TRY IT: Nothing but the lines below between the line holding "Unlocked OnePlus Ace" and the line holding "2018 Toyota Highlander", inclusive, should appear in the answer, each set down exactly.

:::::

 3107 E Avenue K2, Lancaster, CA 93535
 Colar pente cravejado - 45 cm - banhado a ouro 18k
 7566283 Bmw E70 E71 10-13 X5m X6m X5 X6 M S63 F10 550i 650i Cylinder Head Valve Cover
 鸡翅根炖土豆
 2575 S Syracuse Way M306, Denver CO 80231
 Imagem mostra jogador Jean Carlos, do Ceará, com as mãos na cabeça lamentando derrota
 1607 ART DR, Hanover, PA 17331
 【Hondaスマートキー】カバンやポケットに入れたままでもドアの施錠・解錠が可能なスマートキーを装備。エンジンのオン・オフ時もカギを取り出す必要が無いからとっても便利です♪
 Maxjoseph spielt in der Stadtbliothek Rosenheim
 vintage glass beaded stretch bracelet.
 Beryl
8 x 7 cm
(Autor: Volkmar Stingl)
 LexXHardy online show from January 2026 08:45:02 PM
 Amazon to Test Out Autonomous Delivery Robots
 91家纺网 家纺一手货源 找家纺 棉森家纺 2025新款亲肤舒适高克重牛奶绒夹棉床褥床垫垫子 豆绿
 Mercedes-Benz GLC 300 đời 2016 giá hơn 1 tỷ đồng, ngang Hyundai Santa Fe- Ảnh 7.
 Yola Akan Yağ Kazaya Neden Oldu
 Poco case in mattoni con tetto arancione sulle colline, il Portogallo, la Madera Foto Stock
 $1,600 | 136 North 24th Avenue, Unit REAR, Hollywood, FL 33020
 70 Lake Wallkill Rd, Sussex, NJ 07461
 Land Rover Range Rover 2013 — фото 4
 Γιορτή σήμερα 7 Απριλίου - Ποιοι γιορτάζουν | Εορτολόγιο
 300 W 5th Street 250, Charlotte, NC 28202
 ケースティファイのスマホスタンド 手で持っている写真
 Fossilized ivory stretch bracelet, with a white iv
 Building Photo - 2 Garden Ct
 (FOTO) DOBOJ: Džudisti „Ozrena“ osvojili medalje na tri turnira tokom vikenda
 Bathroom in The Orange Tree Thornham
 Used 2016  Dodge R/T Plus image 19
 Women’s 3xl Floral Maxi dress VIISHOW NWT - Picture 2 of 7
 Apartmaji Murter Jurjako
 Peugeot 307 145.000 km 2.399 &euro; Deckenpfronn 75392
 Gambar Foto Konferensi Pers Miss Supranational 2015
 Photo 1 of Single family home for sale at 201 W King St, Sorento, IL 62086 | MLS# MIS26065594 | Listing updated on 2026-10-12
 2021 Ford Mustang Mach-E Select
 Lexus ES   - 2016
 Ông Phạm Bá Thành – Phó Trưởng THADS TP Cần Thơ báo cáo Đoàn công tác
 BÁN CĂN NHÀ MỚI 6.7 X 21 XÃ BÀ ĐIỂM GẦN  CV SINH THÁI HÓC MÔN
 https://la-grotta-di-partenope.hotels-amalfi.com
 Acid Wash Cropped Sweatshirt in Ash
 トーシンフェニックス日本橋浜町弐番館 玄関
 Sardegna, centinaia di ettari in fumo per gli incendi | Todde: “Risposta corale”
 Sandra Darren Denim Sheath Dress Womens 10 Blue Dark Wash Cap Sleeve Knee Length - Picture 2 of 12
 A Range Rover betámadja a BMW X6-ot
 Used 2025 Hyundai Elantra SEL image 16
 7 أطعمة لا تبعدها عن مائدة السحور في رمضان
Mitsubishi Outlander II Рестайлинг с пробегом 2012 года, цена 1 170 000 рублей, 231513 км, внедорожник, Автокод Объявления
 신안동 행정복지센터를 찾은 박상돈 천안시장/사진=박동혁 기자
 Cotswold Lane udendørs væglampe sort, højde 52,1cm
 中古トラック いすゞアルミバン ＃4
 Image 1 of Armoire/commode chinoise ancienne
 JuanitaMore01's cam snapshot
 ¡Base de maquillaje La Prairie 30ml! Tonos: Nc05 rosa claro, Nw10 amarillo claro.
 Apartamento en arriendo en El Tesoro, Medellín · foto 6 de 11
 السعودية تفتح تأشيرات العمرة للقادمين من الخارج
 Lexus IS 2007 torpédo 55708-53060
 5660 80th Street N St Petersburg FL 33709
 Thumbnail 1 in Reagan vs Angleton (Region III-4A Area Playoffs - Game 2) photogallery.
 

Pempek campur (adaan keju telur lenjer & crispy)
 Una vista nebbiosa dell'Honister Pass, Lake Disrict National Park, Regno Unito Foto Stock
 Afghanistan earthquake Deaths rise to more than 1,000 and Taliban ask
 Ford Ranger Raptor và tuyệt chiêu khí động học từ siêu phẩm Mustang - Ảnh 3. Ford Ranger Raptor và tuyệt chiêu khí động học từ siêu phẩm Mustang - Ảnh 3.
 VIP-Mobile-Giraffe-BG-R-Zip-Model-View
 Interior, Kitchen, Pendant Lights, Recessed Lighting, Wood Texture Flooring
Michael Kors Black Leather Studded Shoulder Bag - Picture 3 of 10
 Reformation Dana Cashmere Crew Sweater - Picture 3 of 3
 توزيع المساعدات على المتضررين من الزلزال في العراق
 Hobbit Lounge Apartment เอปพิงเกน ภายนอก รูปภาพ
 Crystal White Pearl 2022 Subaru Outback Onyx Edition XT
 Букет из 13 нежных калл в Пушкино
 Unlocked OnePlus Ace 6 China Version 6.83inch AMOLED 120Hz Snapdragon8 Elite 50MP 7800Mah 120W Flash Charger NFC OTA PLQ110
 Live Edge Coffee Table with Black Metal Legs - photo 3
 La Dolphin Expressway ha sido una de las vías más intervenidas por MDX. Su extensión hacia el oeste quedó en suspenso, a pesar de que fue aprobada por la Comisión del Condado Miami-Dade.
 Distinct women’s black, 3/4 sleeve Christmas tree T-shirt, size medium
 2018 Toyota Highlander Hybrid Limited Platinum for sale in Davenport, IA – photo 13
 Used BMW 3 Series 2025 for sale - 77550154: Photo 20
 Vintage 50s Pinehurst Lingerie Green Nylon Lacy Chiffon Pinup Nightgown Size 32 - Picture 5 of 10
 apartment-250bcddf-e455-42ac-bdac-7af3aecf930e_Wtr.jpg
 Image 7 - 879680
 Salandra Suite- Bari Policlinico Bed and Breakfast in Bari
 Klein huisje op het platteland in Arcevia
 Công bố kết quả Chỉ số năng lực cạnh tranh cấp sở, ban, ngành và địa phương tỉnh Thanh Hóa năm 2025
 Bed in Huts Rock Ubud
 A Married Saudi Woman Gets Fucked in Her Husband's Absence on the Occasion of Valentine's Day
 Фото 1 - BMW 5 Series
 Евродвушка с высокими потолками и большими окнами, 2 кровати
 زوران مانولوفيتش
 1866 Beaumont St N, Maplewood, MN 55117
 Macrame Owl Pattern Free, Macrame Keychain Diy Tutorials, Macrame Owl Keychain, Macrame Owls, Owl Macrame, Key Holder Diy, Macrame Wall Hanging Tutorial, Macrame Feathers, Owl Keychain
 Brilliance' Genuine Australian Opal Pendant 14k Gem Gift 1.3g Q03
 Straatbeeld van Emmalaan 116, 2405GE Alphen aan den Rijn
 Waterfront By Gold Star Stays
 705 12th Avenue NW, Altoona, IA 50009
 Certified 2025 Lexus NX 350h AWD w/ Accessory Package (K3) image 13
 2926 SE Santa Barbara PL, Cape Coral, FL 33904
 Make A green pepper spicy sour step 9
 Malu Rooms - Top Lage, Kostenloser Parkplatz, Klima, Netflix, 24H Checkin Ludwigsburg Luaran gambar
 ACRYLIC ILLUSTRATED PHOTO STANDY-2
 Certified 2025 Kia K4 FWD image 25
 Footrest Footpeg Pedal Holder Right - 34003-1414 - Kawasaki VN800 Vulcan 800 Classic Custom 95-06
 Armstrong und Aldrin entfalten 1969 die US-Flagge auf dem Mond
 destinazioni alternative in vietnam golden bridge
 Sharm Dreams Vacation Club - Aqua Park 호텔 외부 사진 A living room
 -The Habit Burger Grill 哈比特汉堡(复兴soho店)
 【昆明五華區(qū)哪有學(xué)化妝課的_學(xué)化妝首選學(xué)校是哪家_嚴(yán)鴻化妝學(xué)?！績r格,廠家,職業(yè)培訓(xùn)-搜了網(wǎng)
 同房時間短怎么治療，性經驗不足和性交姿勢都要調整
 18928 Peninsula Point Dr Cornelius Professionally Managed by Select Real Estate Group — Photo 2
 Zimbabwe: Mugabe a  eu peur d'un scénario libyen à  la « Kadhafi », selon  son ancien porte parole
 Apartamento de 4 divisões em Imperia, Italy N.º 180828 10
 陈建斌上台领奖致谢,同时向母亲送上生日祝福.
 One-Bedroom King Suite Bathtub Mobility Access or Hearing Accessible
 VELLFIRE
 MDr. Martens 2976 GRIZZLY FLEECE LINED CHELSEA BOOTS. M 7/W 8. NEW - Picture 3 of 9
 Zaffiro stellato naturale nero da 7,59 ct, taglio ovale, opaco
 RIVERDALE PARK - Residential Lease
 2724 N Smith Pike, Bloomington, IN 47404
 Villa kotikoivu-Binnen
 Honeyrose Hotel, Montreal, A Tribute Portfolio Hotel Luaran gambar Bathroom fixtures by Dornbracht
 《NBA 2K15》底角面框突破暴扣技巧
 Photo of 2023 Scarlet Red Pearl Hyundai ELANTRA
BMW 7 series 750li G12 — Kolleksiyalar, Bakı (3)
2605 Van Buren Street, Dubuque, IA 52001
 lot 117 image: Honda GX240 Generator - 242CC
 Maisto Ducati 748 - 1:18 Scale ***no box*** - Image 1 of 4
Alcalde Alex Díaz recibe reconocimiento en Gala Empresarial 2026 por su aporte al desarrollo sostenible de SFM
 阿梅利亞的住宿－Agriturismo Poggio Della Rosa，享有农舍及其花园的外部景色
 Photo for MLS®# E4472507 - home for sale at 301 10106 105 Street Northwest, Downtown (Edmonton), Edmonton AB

:::::

TASK RESULT:
 Unlocked OnePlus Ace 6 China Version 6.83inch AMOLED 120Hz Snapdragon8 Elite 50MP 7800Mah 120W Flash Charger NFC OTA PLQ110
 Live Edge Coffee Table with Black Metal Legs - photo 3
 La Dolphin Expressway ha sido una de las vías más intervenidas por MDX. Su extensión hacia el oeste quedó en suspenso, a pesar de que fue aprobada por la Comisión del Condado Miami-Dade.
 Distinct women’s black, 3/4 sleeve Christmas tree T-shirt, size medium
 2018 Toyota Highlander Hybrid Limited Platinum for sale in Davenport, IA – photo 13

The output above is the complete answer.